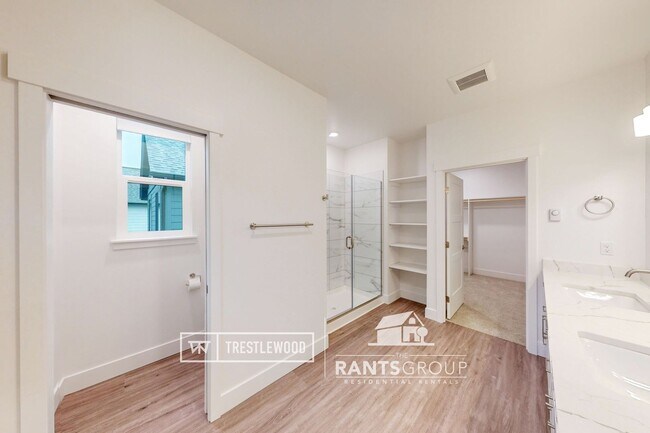 Building Photo - Brand New! Modern Home in Trestlewood – Where Comfort Meets Community!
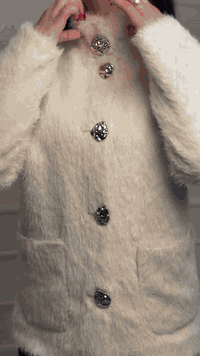 LM brand🤎✨
New collection 
فرو ناعم بإحساس دافئ وفخم
38-40-42-44
خدمة التوصيل متوفرة🚙
📦 للحجز والتوصيل:
راسلونا عبر واتساب على الرقم:
***********
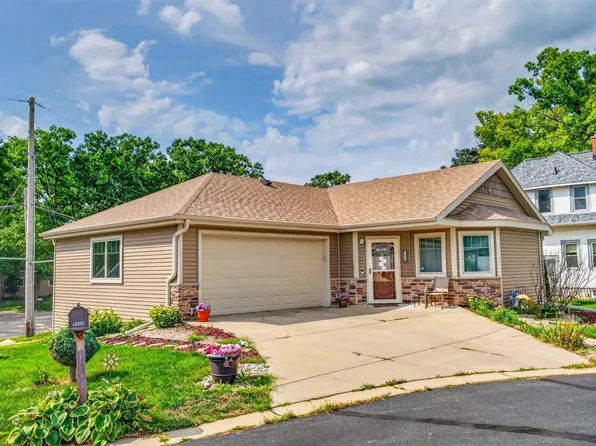 2004 Butler Ct, Middleton, WI 53562
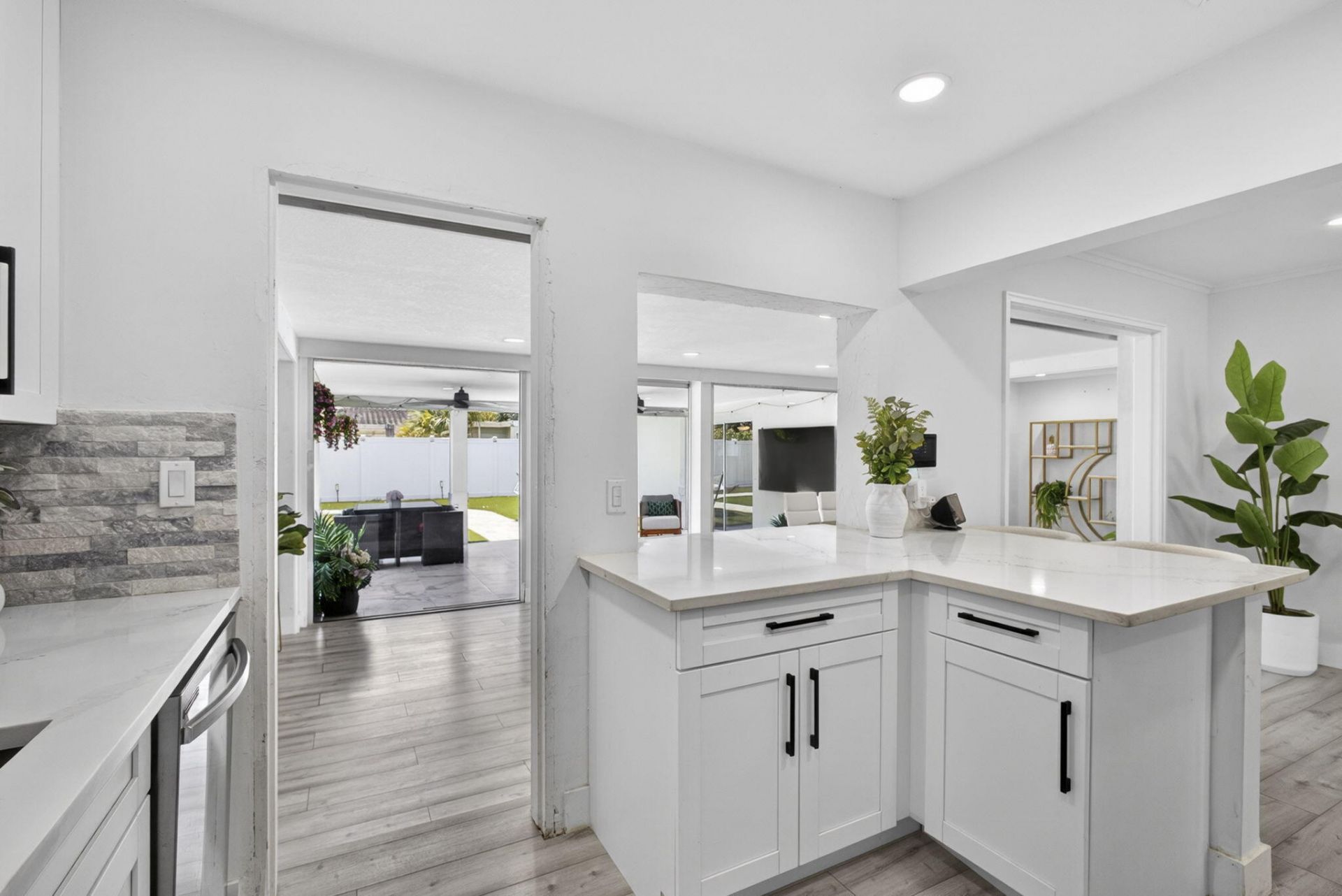 326 Alhambra Place, West Palm Beach, FL 33405 Photo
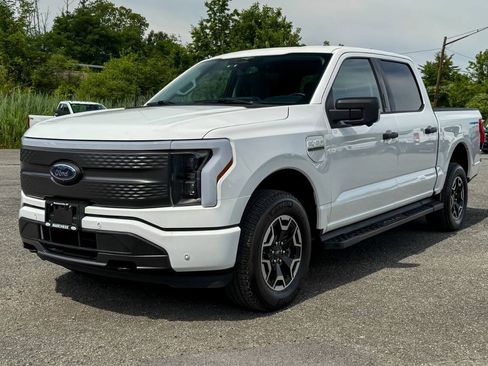 Used 2023 Ford F150 Lightning XLT AWD/4WD image 7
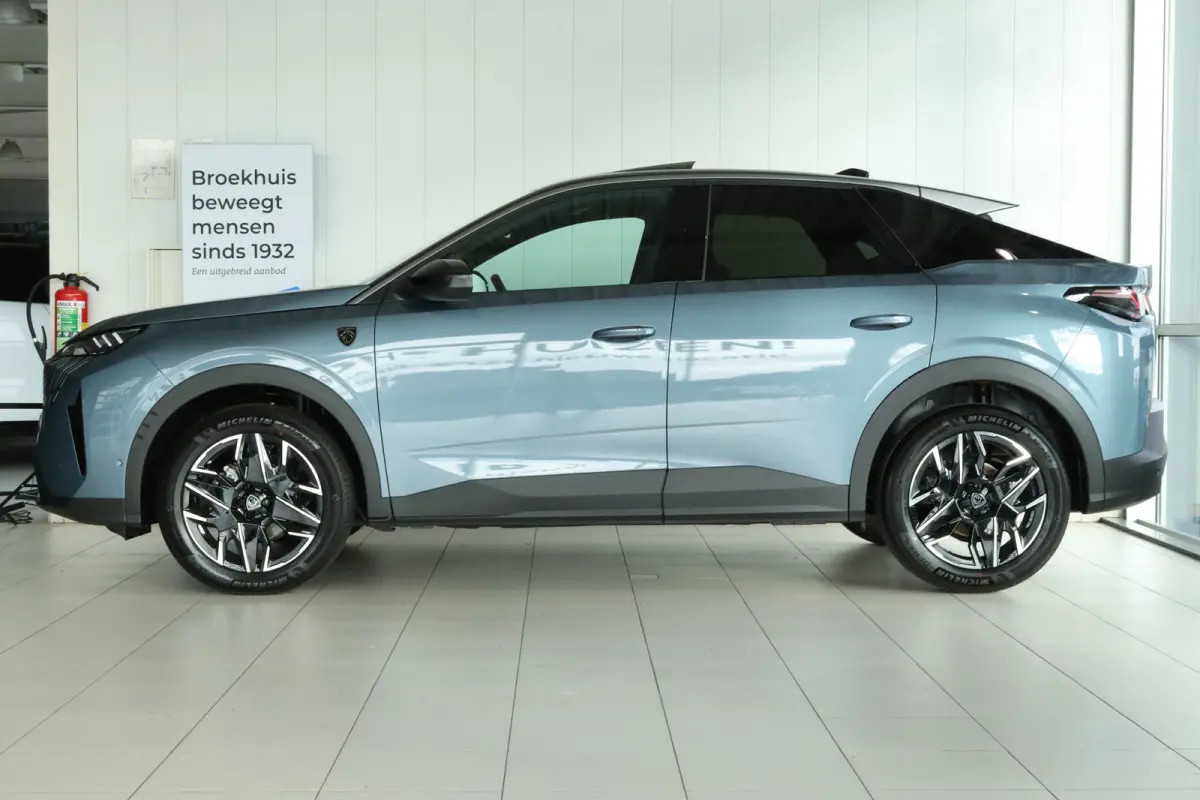 1.2 Hybrid 145 GT | DEMO-DEAL | Adapt. Cruise | Schuifdak | Massage | 360 Camera | Memory | Alcantara | Navi | Carplay | Keyless | Matrix | Elektr. Klep | Stoel+Stuurverwarming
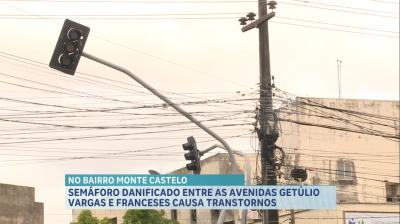 Semáforo danificado entre as Av Getúlio Vargas e Av dos Franceses causa trantornos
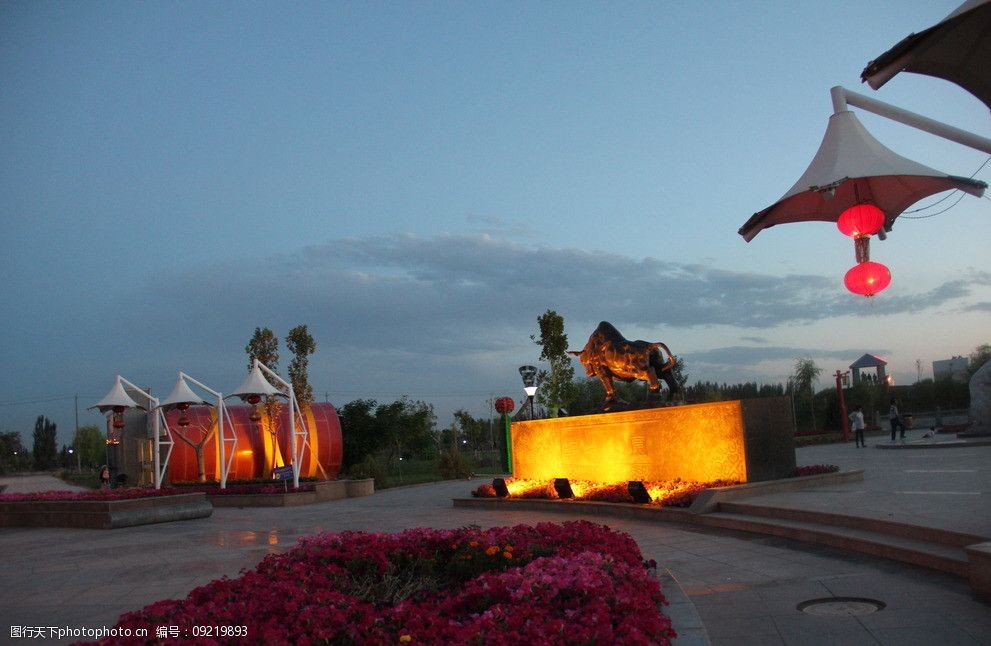 关键词:南疆小城景色 南疆 喀什 小城 伽师 黄昏 景色 园林建筑 建筑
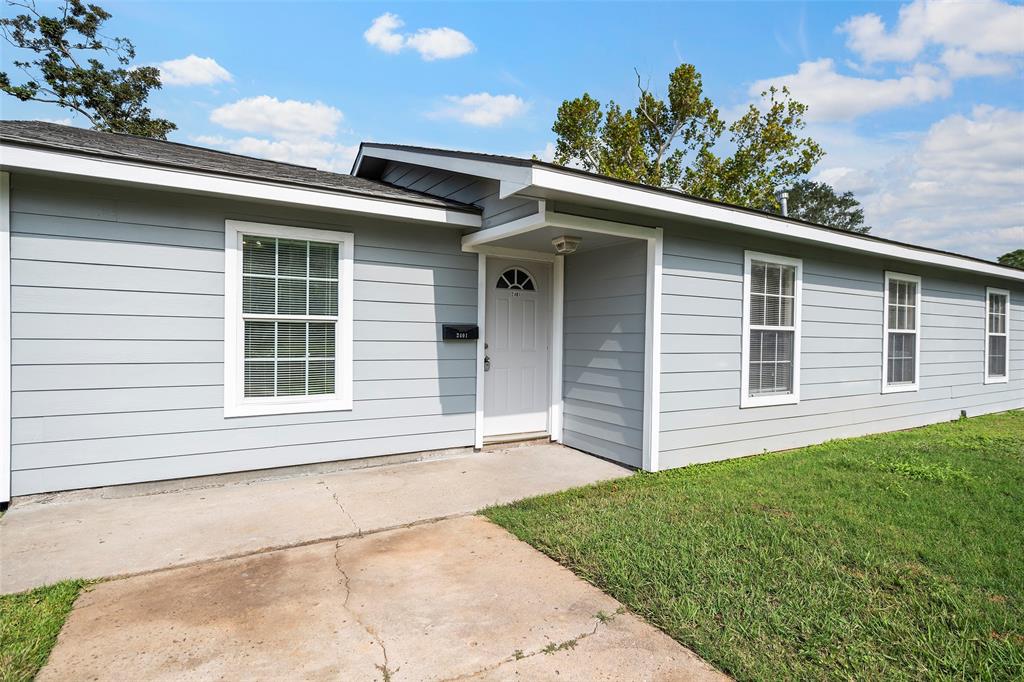 a view of a house with a yard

■ ■ ■ ■ ■ ■ ■

From the line containing "راسلونا عبر واتساب" down to the last line of the data above, transcribe exactly those lines and no others; omit the pictures.

- _SOLUTION FOR THIS PROBLEM_:
راسلونا عبر واتساب على الرقم:
***********
 2004 Butler Ct, Middleton, WI 53562
 326 Alhambra Place, West Palm Beach, FL 33405 Photo
 Used 2023 Ford F150 Lightning XLT AWD/4WD image 7
 1.2 Hybrid 145 GT | DEMO-DEAL | Adapt. Cruise | Schuifdak | Massage | 360 Camera | Memory | Alcantara | Navi | Carplay | Keyless | Matrix | Elektr. Klep | Stoel+Stuurverwarming
 Semáforo danificado entre as Av Getúlio Vargas e Av dos Franceses causa trantornos
 关键词:南疆小城景色 南疆 喀什 小城 伽师 黄昏 景色 园林建筑 建筑
 a view of a house with a yard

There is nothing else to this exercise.